Keluarga sebagai Akar Peradaban

(Upaya Mengokohkan Kembali Peran Keluarga untuk Membendung Pengaruh Serbuan Ghazwul Fikri)

***

Wahai orang-orang yang beriman, jagalah dirimu dan keluargamu dari api neraka. (QS. At-Tahrim: 6)

***

Tujuh miliar manusia yang kini tinggal di kolong langit ini pada awalnya hanya dimulai oleh sebuah keluarga kecil ribuan tahun yang lalu: keluarga Nabi Adam ‘alaihissalam. Bersama Ibunda Hawa, Nabi Adam menyingsingkan lengan baju, berniat memakmurkan bumi, membangun peradaban umat manusia sebagai bentuk taubatan nasuha, atau dalam lain perkataan, suatu “pertanggungjawaban moral” atas sebuah pelanggaran terhadap batas syari’at yang telah dilakukannya di tanah surga. Sekaligus sebagai perwujudan rasa syukur atas pengampunan yang telah diberikan oleh Allah subhanahu wata’ala kepada mereka berdua.

Sebesar dan sekompleks apapun suatu peradaban, pada awalnya dibangun oleh individu-individu. Melalui individu-individu inilah akan menentukan nilai-nilai yang mendasari suatu peradaban tersebut. Ketika Nabi Muhammad shallallahu ‘alaihi wasallam mulai diperintah oleh Allah subhanahu wata’ala untuk membangun peradaban Islam, yang dilakukan pertama kali oleh beliau adalah memperbaiki akhlak kaumnya.
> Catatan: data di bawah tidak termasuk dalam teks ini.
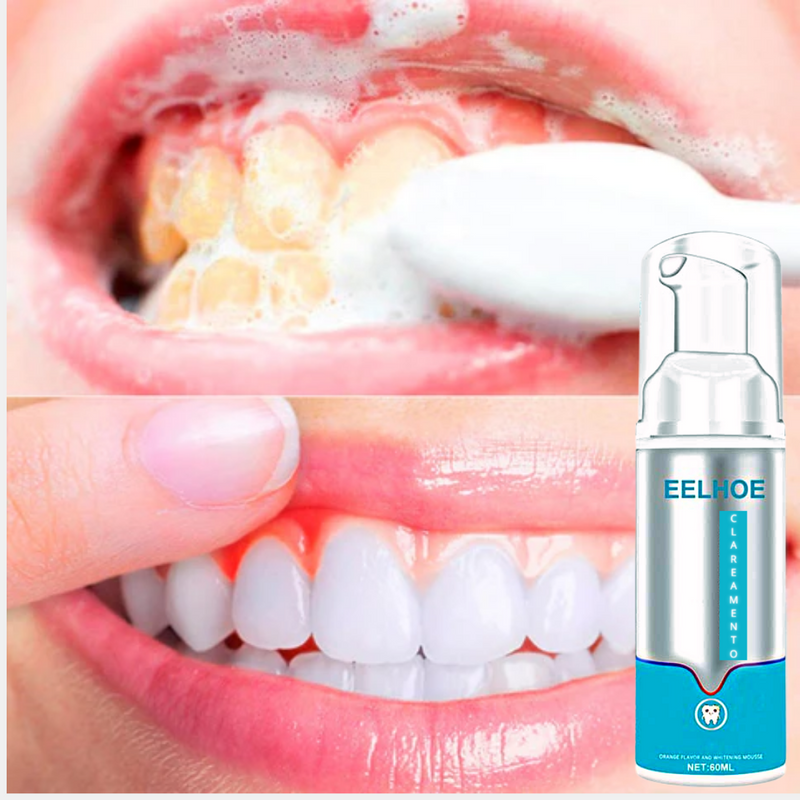 Eelhoe® Clareamento Dental Instantâneo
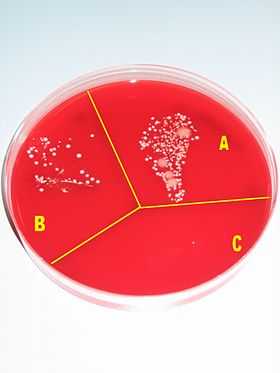 A Petri dish containing a red growth medium, and subdivided into three sectors, labeled A, B and C, respectively. There is much visible microbial growth in culture A, some growth in culture B, and virtually no growth in culture C.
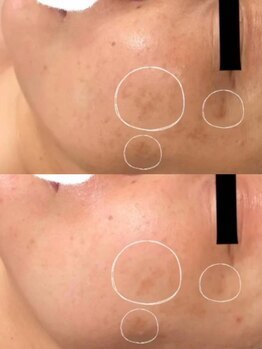 ラエッセ 目黒 白金台店(LAESSE)/毛穴・美白専門店 LAESSE 白金台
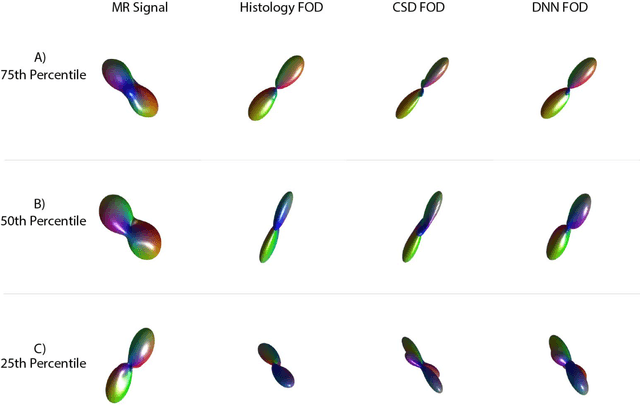 Figure 3 for Deep Learning Captures More Accurate Diffusion Fiber Orientations Distributions than Constrained Spherical Deconvolution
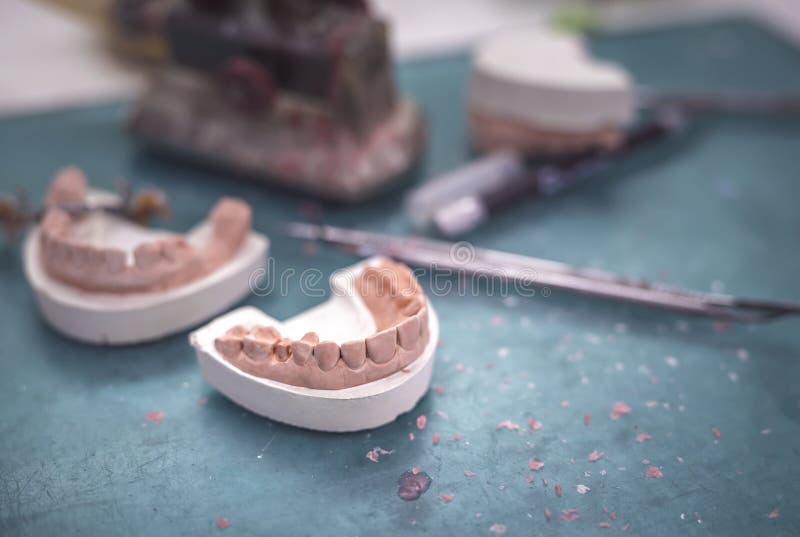 Dental Prosthesis Work Equipment Stock Photo Image of intraoral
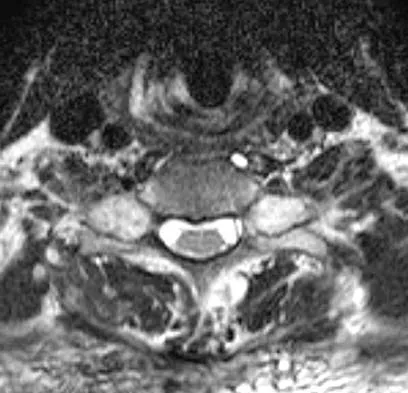 General Orthopedics 2026 Practice Questions: Set 19 (Solved) - Figure 63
Perilaku-perilaku tidak terpuji yang sebelumnya dipraktekkan oleh bangsa Arab, seperti budaya pagan, saling mengunggulkan kabilahnya, perbudakan, mengganggap wanita sebagai benda, dan membunuh bayi perempuan, lambat laun hilang. Digantikan oleh konsep mengesakan Tuhan, sikap toleransi, persamaan derajat, menghormati kaum wanita, dan menyayangi anak kecil.

Ajaran-ajaran yang dibawa oleh Nabi Muhammad shallallahu ‘alaihi wasallam menjadi dasar dibangunnya peradaban umat ini. Namun, dalam konteks sekarang, ada upaya-upaya mengusangkan dan mendekonstruksi nilai-nilai ajaran Islam. Sebagai indikasi awalnya adalah kualitas umat Islam yang tidak sebanding dengan kuantitasnya. Jumlah orang Islam yang banyak dewasa ini, tidak diimbangi dengan pengamalan nilai-nilai Islam oleh para pemeluknya. Sehingga umat ini, walaupun banyak, namun tidak memiliki posisi tawar yang kuat dalam kancah dunia internasional, dalam berbagai kesempatan malah hanya dianggap sebagai pelengkap saja. Hal seperti inilah yang pernah digambarkan oleh Kanjeng Nabi sebagai umat yang “laksana buih di lautan”, walaupun banyak tetapi mudah terombang-ambing. Atau bahkan seperti nubuwwah lainnya, yaitu “umat yang bagaikan hidangan”, menjadi santapan umat-umat lain.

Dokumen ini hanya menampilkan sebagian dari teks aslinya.